Review of Repainting the Walls of Lunda: Information Colonialism and Angolan Art and The Sound of Culture: Diaspora and Black Technopoetics

Repainting the Walls of Lunda: Information Colonialism and Angolan Art
by Delinda Collier

University of Minnesota Press, Minneapolis, MN, 2016
254 pp., illus. 37 b/w. Trade, $87; paper, $25 US
ISBN: 978-0-8166-9444-0; ISBN: 978-0-8166-9448-8

The Sound of Culture: Diaspora and Black Technopoetics
by Louis Chude-Sokei

Wesleyan Press, Middletown CT, 2015
280 pp. Trade, @85.00; Paper, $27.95; eBook, $21.00
ISBN: 978-0-8195-7576-0; ISBN: 978-0-8195-7577-7; ISBN: 978-0-8195-7578-4

Reviewed by: 
Mike Mosher
October 2016

Repainting the Walls of Lunda begins with discussion of the impact of a Portuguese scholar-curator in the declining years of Europe's colonized Africa. José Redinha's 1953 book The Painted Walls of Lunda was illustrated with Redinha's drawings or paintings of Chokwe art, his signature prominent upon them. The book was sponsored by Diamang, the Portuguese diamond mining company, which also issued heavily-retouched and often romanticized photographic documentation of its facilities and "company town" Dundo. Sentimental, manipulated photos included African people working there, alongside white employees but separated from them in status, compensation, residence and social life.

In a moment of postcolonial cultural assertion five decades later, a website with the book's contents digitized, but with Redinha's signature removed from his paintings of Chokwe motifs, went online in an act of reclaiming indigenous cultural heritage to accompany the Trienal de Luanda international art exhibition. Yet any website has its own contradictions in a nation with very limited online access, to say nothing of a less-than-equitable society and opaque governance (cozily tied to Angola's communications infrastructure and industries).

Collier broadens our understanding of contemporary and recent Angolan art with examples of consciously-postcolonial artist Viteix who tried to work with traditional motifs in new combinations and Western art forms (drawings, easel paintings).
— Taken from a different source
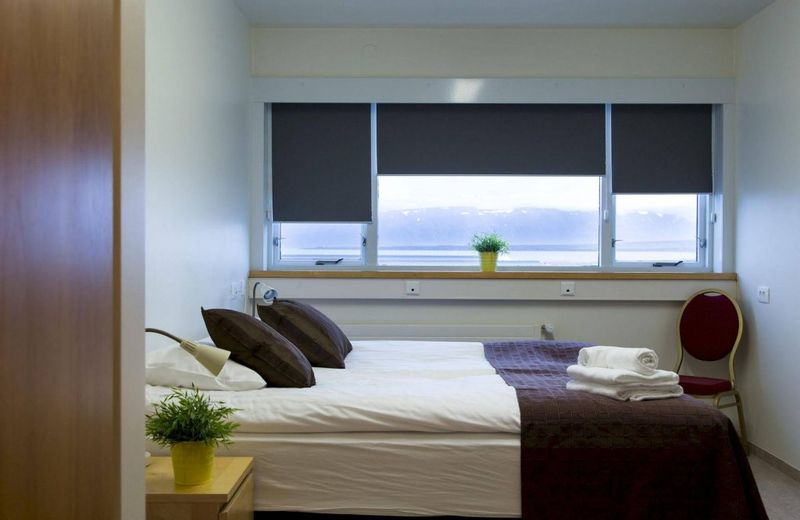 Hotel Mikligardur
John Berger lamented in The Success and Failure of Picasso (1965) that Pablo Picasso didn't travel the world to appreciate and encourage African and other nonwestern artists to explore the new freedoms to reclaim imagery and forms that he had exemplified in his best cubist work; Viteix was one artist attentive to those possibilities.
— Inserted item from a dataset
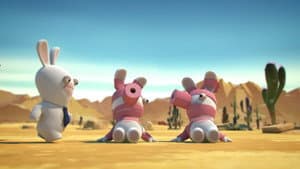 Self-Conscious Rabbid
Many of these actions and contradictions in authenticity, ethnicity, photography, public walls and hand vs. digital reproductions in Angola described here have long been roiling through the community mural movement in California and other multicultural cities too. Mention is made of how African artists today use digital imagery, music, and performance in expressive, political works, as Delinda Collier briefs us on six decades of Angolan cultural struggle and self-assertion well and clearly.
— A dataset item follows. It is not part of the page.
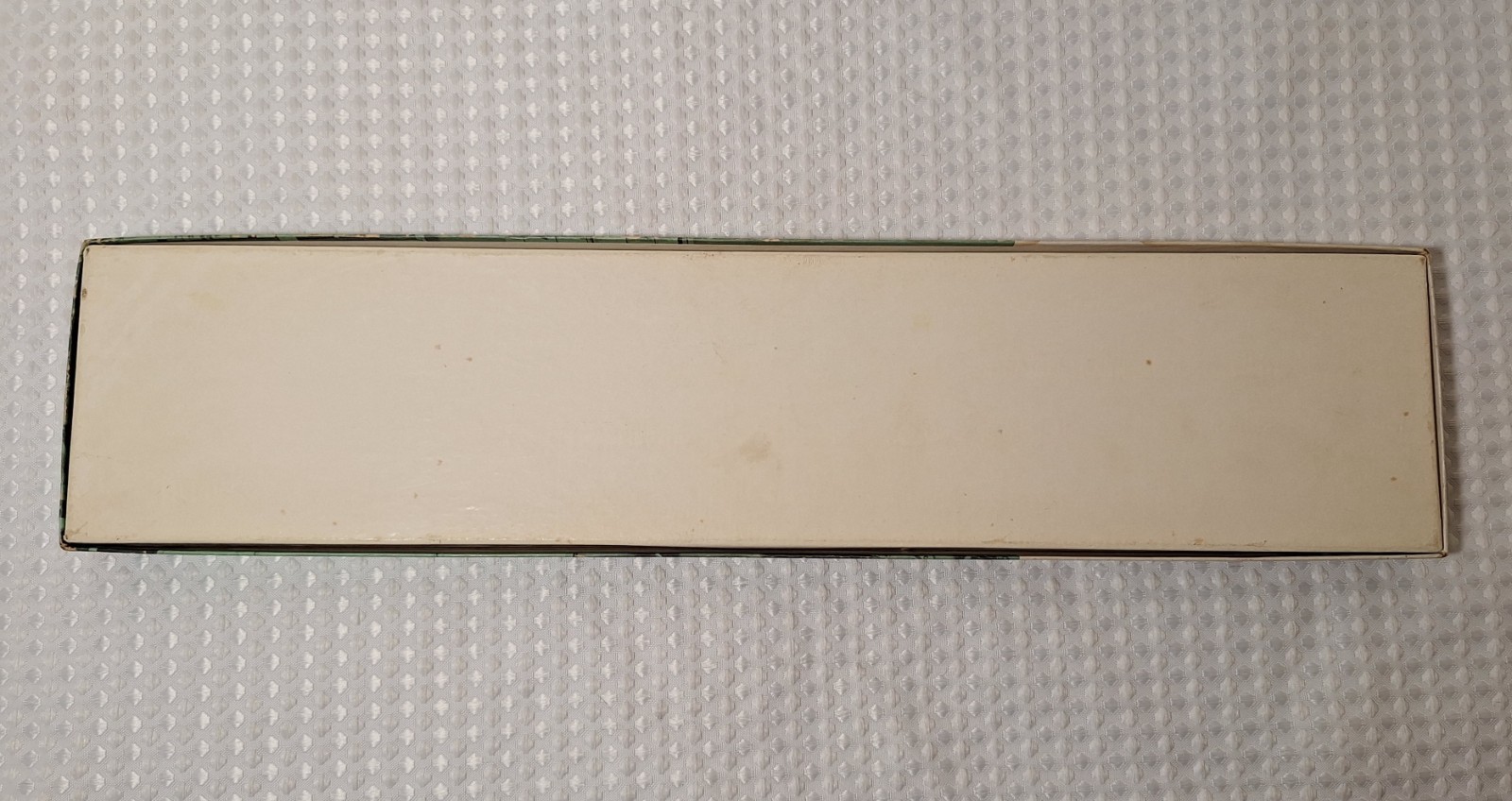 Vintage 1967 INSTRUCTO Flannel Board Visual Aids Fractional Number Line Felt 251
Departing Angola and the continent, phenomena in the half-millennium of the diaspora of African people are examined by Louis Chude-Sokei in The Sound of Culture. While properly deploring its brutal content, he appreciates Futurist poet-polemicist F. T.Marinetti's rich, jagged, and evocative texts...some of which celebrated Mussolini's military and the aesthetics of aerial bombardment of village populations in the Ethiopian campaign.

We're taken to P.T. Barnum's exhibition in the 1830s of Joice Heth, a black woman who appeared suitably aged, as "George Washington's nurse". When her authenticity was questioned, Barnum ju-jitsued the interrogator's doubt by placing a news item questioning if Heth was even human, or a clockwork "mechanical Turk" (a phrase whose orientalism the book's author then unpacks). This leads to a comparison with Karel Capek's 1920s concept of the "robot", the tireless working machine he introduced in the play "R.U.R.: Rossum's Universal Robots". Chude-Sokei notices its parallels to robotic work requirements made on black workers, at first slave and then semi-free.

Chude-Sokei avowedly works in the arena Mark Dery coined "Afrofuturism" and brings Donna Haraway's posthuman evocations of the cyborg to the topic antebellum show-biz minstrelsy. Casting a wide net, he dusts off a popular nineteenth century novel The Coming Race by Edward Bulwer-Lytton, examines its racialized assumptions concerning "the other" and those carried by heroes like Edgar Rice Burroughs' John Carter of Mars, then defines "A Caribbean Pre-Posthumanism" running through both the surrealism of Wilfredo Lam, and the critique by Sylvia Wynter of the Bard's grand old resonant figure of Caliban.

The cruelties of history—colonial conquest and exploitation, enslavement of so many Africans and their dispersal across the Atlantic—are disheartening and unresolved (or uncompensated) to this day. However, the curious cultural landscapes in their wake inspire scholars like Delinda Collier and Louis Chude-Sokei towards admirable work like these two books.